When shareholders of British American Tobacco Kenya gathered in June to approve a record dividend payout of KSh70 per share, the mood was celebratory.

The cigarette maker had pulled off what appeared to be an impressive financial turnaround.

Revenue had fallen sharply. Illicit cigarettes had captured nearly half of Kenya’s tobacco market. Yet profits surged.

Profit before tax climbed to KSh7.7 billion from KSh6.5 billion while net profit rose to approximately KSh5.2 billion. BAT Kenya’s board rewarded investors with the largest dividend in the company’s history. According to the company’s 2025 annual report, management pointed to cost controls, export performance and the successful relaunch of its tobacco-free nicotine pouch brand Velo during the second half of 2025.

The official story is one of innovation and adaptation.

The story behind the numbers raises far more uncomfortable questions.

At the centre of BAT Kenya’s future growth strategy sits a small white pouch that many parents, teachers and health advocates say has quietly infiltrated schools, campuses and youth spaces across the country.

The product contains no tobacco leaf.

It produces no smoke.

It leaves no smell on clothes.

It can be used discreetly in classrooms, offices, churches and bedrooms.

What it does contain is nicotine, one of the most addictive substances legally sold in Kenya.

And increasingly, it appears to be the product BAT is counting on to replace declining cigarette consumption.

BAT’s Own Numbers Reveal The Strategic Shift

A close reading of BAT Kenya’s latest annual report reveals a company preparing for a future beyond traditional cigarettes.
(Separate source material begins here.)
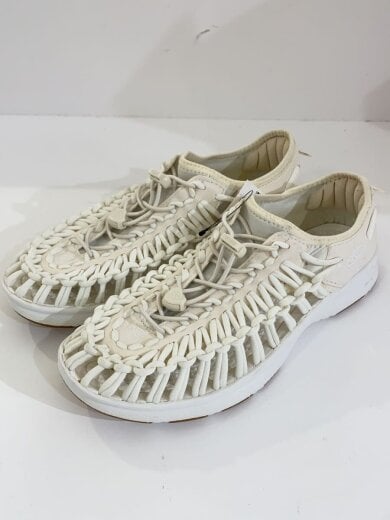 商品画像：UNEEK O2/ローカットスニーカー/26.5cm/WHT/010218 2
The report explicitly highlights the successful relaunch of Velo nicotine pouches in the second half of 2025 as part of its strategy to advance what it calls “A Smokeless World.”

Globally, BAT’s dependence on nicotine pouches is even clearer.
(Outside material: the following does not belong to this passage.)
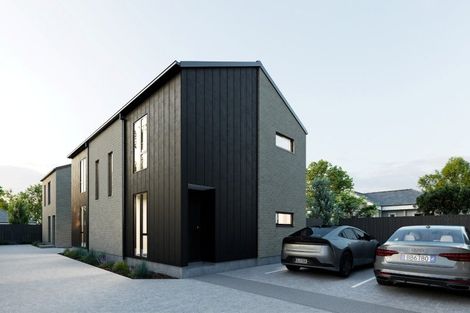 Photo of property in 1/33 Evesham Crescent, Spreydon, Christchurch, 8024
The multinational tobacco giant reported that revenue from its Velo oral nicotine category increased by nearly 50 percent during 2025, reaching more than £1.1 billion worldwide. Modern oral nicotine products were the fastest-growing segment in BAT’s portfolio.
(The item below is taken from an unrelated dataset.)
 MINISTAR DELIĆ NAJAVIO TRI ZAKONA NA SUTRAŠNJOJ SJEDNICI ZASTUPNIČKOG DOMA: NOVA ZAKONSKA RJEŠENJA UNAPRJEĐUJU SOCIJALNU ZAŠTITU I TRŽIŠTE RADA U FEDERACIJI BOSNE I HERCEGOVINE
In other words, while cigarettes remain enormously profitable, nicotine pouches are increasingly where investors see future growth.

That reality makes Kenya especially significant.

Internal company presentations and industry reporting have repeatedly identified Kenya as a strategic launchpad for BAT’s nicotine pouch ambitions across eastern and southern Africa.

The battle over Velo therefore was never simply about one product.

It was about securing a foothold in what could become one of the most lucrative nicotine markets on the continent.

The Regulatory Fight That Revealed BAT’s Leverage

The fiercest controversy surrounding Velo has not involved the product itself.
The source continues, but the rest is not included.